On January 17, 2017, the Agency filed a two-count petition alleging seven-year-
old C.M. had suffered, or was at substantial risk of suffering, serious physical harm or
illness as a result of physical abuse by his stepfather K.K., domestic violence between
E.S. and K.K., and E.S.'s failure or inability to adequately protect C.M. (§ 300,
subd. (b).)
In an interview with a social worker, when asked about the white spots that were
all over his pants and shirt, C.M. said K.K. sprayed bleach on him. C.M. mimed the use
of a spray bottle. He said the bleach "touched my eyes and it started to burn." K.K. also
poured bleach on a pile of C.M.'s and E.S.'s clothes. C.M. did not see his stepfather hit
his mother but heard him yelling at her. C.M. said he felt safe in the home "but only with
my mom." His stepfather would "get in my mom's face and yell at her and me." When
C.M. heard fighting sounds that scared him, he would stay in his room. He was scared
when he saw bruises on his mother's arms.
E.S. said K.K. complained she did not pay attention to the family and intentionally
broke her fan on the evening of January 6. When K.K. became angry, he destroyed her
property. He previously had destroyed five other fans and her phone. K.K. grabbed her
by the arms and held her down on the bed. C.M. was in his bedroom during this
altercation. The next day, K.K. took her food stamp card to buy food for a party with his
friends. E.S. started throwing the party food in the trash. K.K. hit her on the side of her
face. He then obtained a knife and tried to cut her shoe with it. K.K. poured bleach on a
3
pile of her clothes. Her eyes were burning. E.S. did not know whether K.K. sprayed
bleach directly at C.M. She felt badly about the incident because it scared her son.

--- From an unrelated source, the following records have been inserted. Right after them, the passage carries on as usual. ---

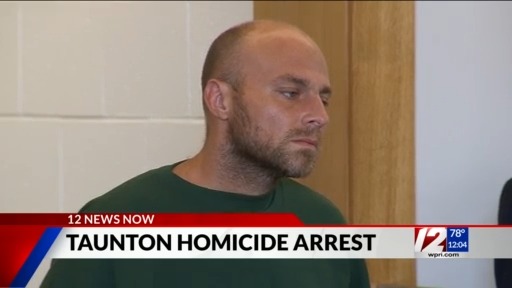 Suspect in Taunton homicide held without bail – WPRI.com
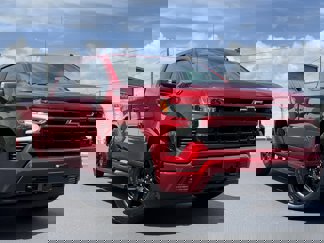 Used 2023 Chevrolet Silverado 1500 RST w/ RST All Star Premium Package image 1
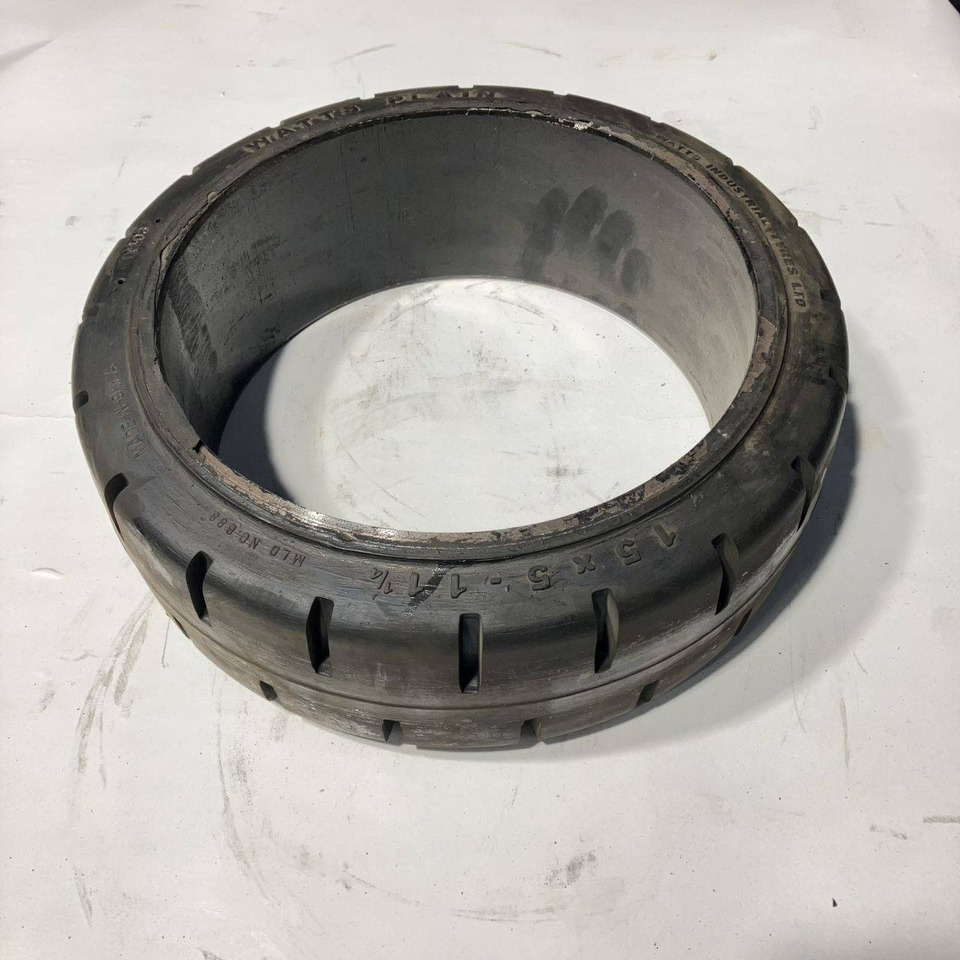 2X Watts 15x5x11 1/4 tyres - 타이어 자재 취급 장비 용 : 사진 1 2X Watts 15x5x11 1/4 tyres - 타이어 자재 취급 장비 용 : 사진 1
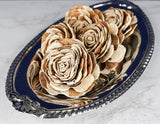 4" Wesley (10 Pack) - Sola Wood Flowers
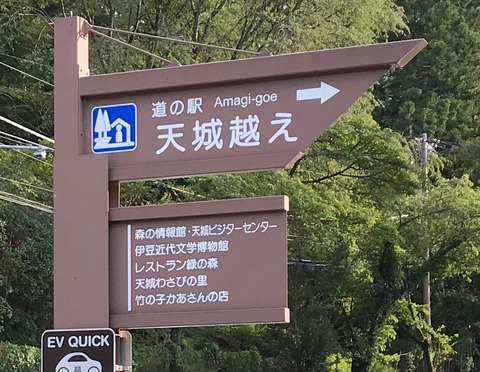 伊豆温泉旅行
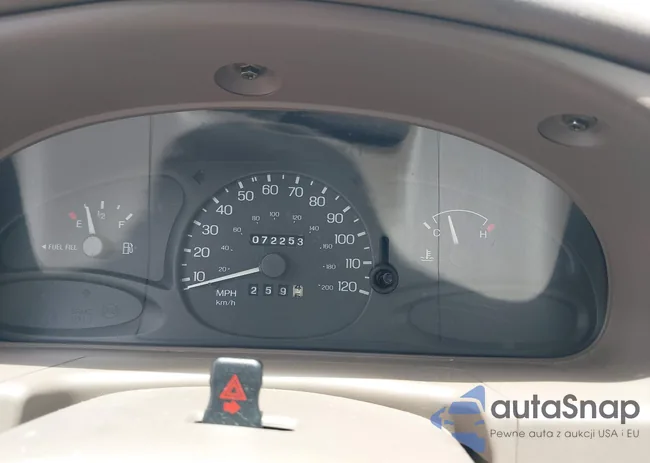 1FAFP13P2XW264113: 42648045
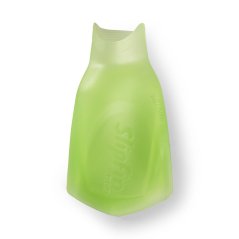 FINIS SlipFin Pro Volt Green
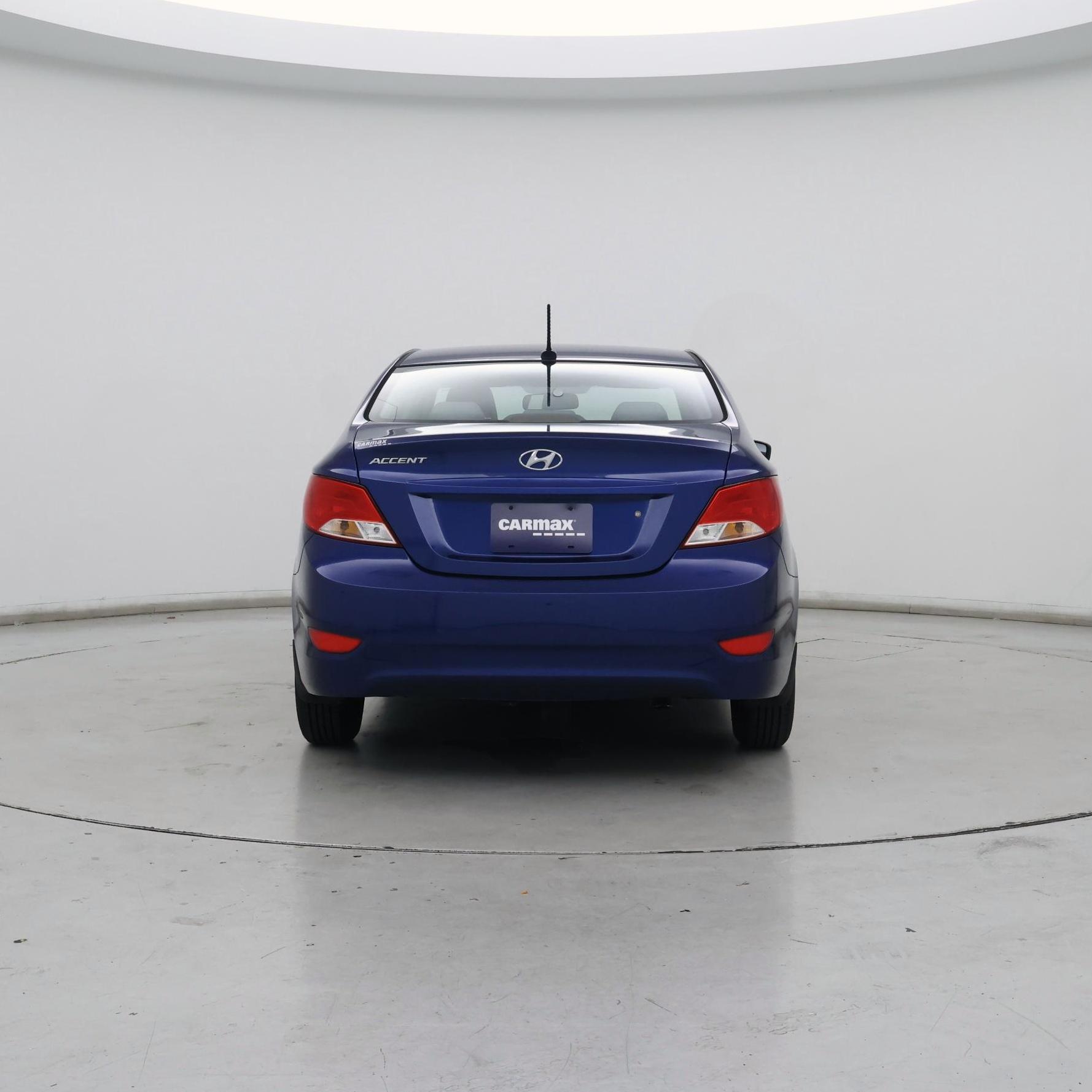Thumbnail: 2016 Hyundai Accent - 6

After his arrest, K.K. returned home. E.S. was reluctant to leave. She was a stay-
at-home wife and mother, and just had learned she was two months pregnant. The social
worker explained to E.S. that she had failed to protect C.M. by remaining in an abusive
relationship. After discussing the issue for six hours, E.S. agreed to leave the home. She
and C.M. moved in with relatives. E.S. said she did not want her son to feel scared or be
at any risk of harm, and she planned to divorce K.K. She changed C.M.'s school because
his old school was close to K.K.'s home and she did not want her son to feel scared.
At the detention hearing, the juvenile court detained C.M. with E.S. on condition
she reside with a family member or in a domestic violence shelter, enroll in a domestic
violence prevention program, obtain counseling for C.M., not use corporal punishment to
discipline C.M., and to comply with all court orders. The court issued a temporary
restraining order protecting C.M. from K.K. The minute order states: "If mother violates
the conditions of detention, the minor is to be removed from her care."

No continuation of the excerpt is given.